3. So what if you write what you don’t know? What if you write about a mermaid swimming, heartsore, off the edge of the Marianas Trench? What if you write about an eighteenth-century female pirate, swashbuckling to save her lover? What do you need to know to do it well? Start with the bare minimum, try not to worry, and build outwards from there.

4. What’s with all the nautical imagery? Are we all swimming in the dark? Just follow the submersible’s headlights. The writer Anne Lamott recommends we build up our stories bird by bird. You only need to see one step, stream of bubbles, one Kraken ahead.

5. If you are using a spreadsheet to plan your first draft, consider whether you are really getting into the spirit of the thing, because you must

6. embrace the darkness. Metaphorically, technically, if not literally (we want you to keep your eyesight good for a fifty-year writing career). As writers, when bad things happen, we are blessed and cursed with ‘good material’: the uncanny ability to take that desperation and recycle it into seductive prose, allegedly to help others feel less lonely (but caveat: you are your own Orpheus. You’re mainly doing it to help yourself.)
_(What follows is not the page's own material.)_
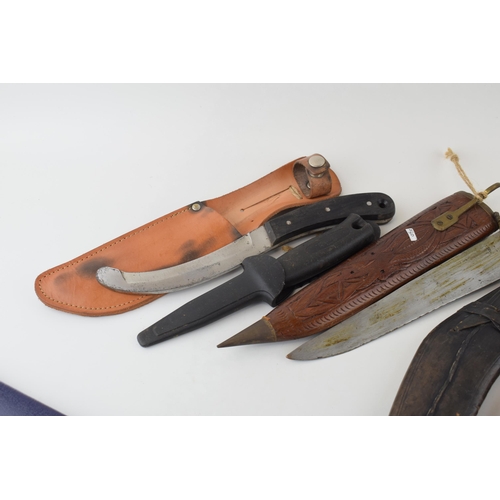 84 - A collection of vintage knives to include sheath knives, hunting knives and Gurkha style Kukhri kniv...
7. When you’re writing, as Atwood says, you’re always ‘dealing with those from previous layers of time…negotiating with the dead.’ Writers are always haunted, and we might as well get used to it, but ignore what’s been done before, or what others are doing. Nobody can cope with that much history.

8. What else will you meet down there? Every story needs a good monster, but forgive the poor phrasing of my question. The monster needs to be a who.

9. You’re going to ask me about getting published. And I’m going to say, that’s like panning for gold: luck, perseverance, poring over maps, all play a part, and so does the thrill of holding up the glittering speck of a success. But really, asking about getting published is also, kind of, the wrong question. Why do free divers go down to such enormous depths on a single breath? Because they love it. Sure, it’s great to have a World record, but it’s also because it’s in their veins: because they can’t not dive. The writing is the bit you can control, so focus on that, and the publishing may – or may not – follow.

10. I don’t have any answers. Heave ho, boys. As Mantel says: ‘…do I take my own advice? Not a bit.’